TASK PROMPT: Reproduce the data below in full and to the letter, images excepted.

INFORMATION SUPPLIED:

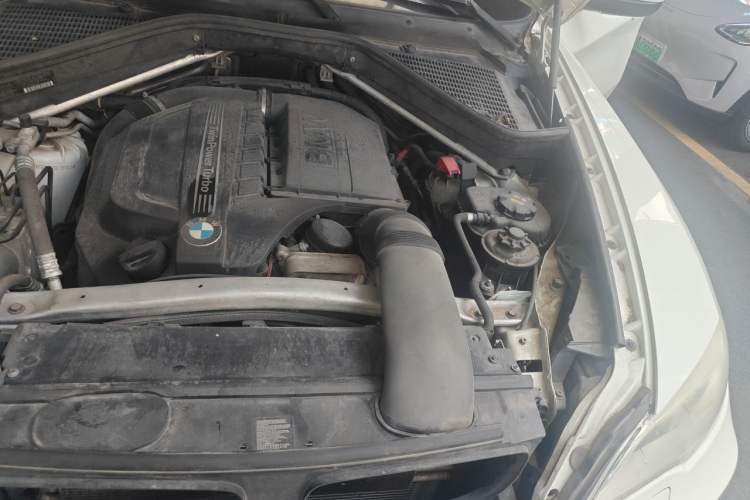 Used BMW X6  Engine Bay Left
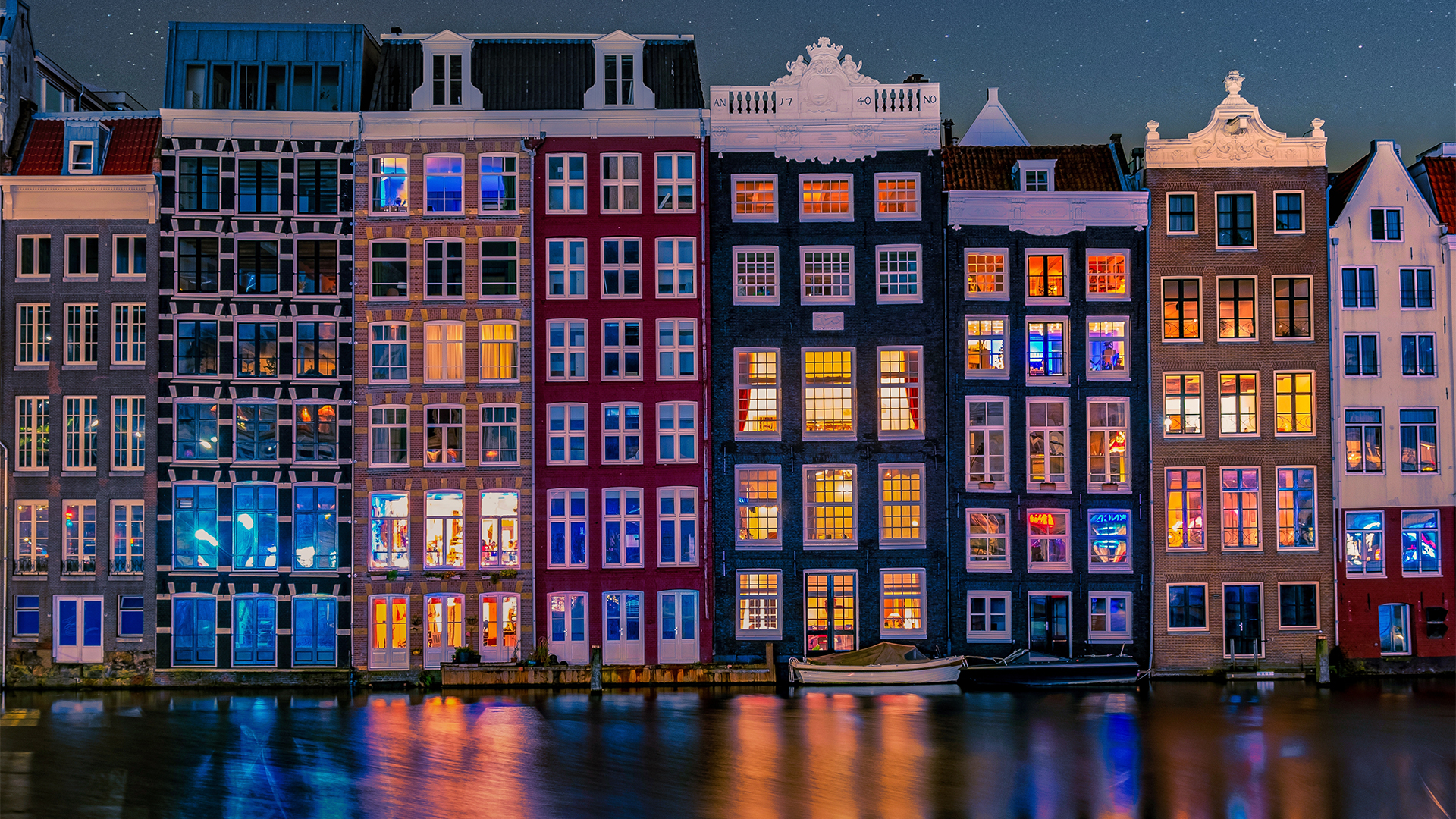 amsterdam-canal-historical-houses-netherlands-winter-swiper-hero-gallery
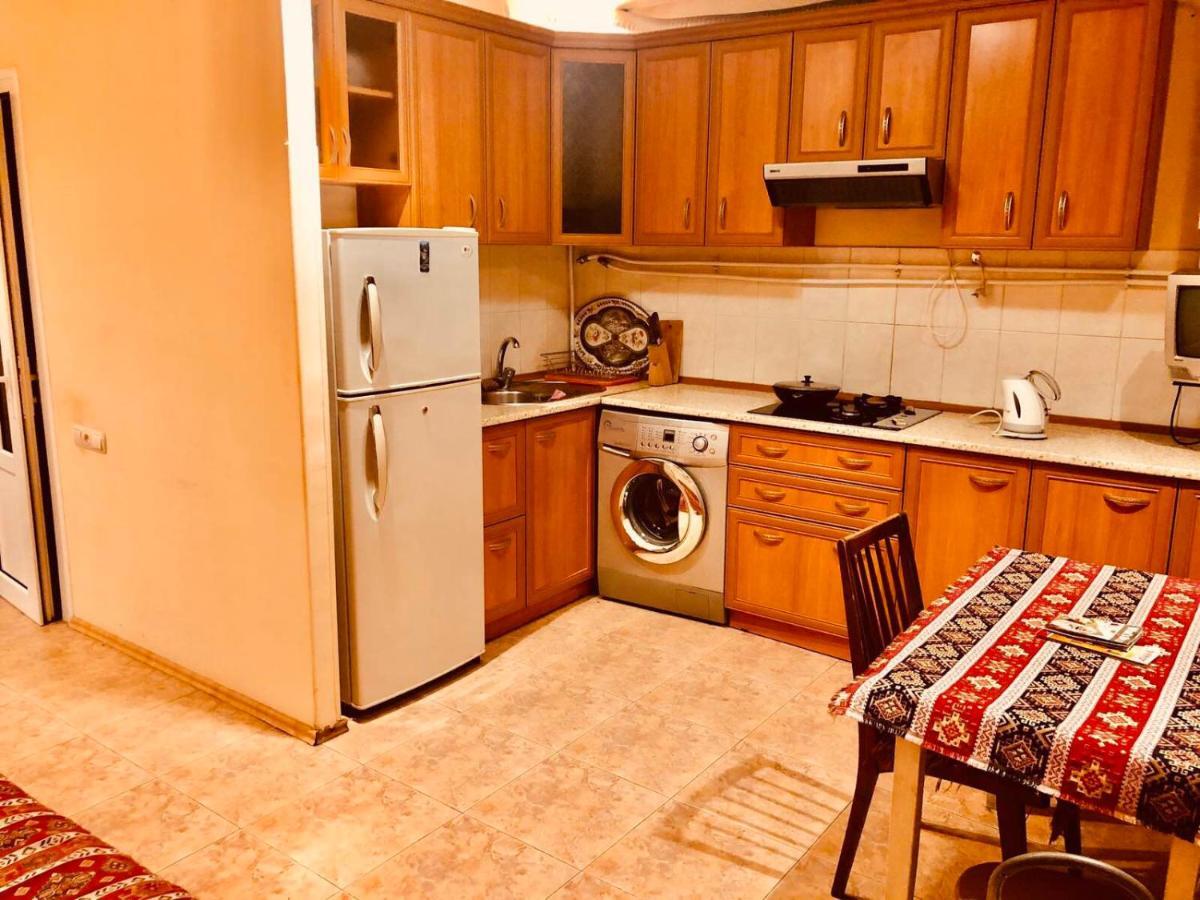Republic Square Apartment Yerevan Exterior photo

SOLUTION TO THIS TASK:
 Used BMW X6  Engine Bay Left
 amsterdam-canal-historical-houses-netherlands-winter-swiper-hero-gallery
Republic Square Apartment Yerevan Exterior photo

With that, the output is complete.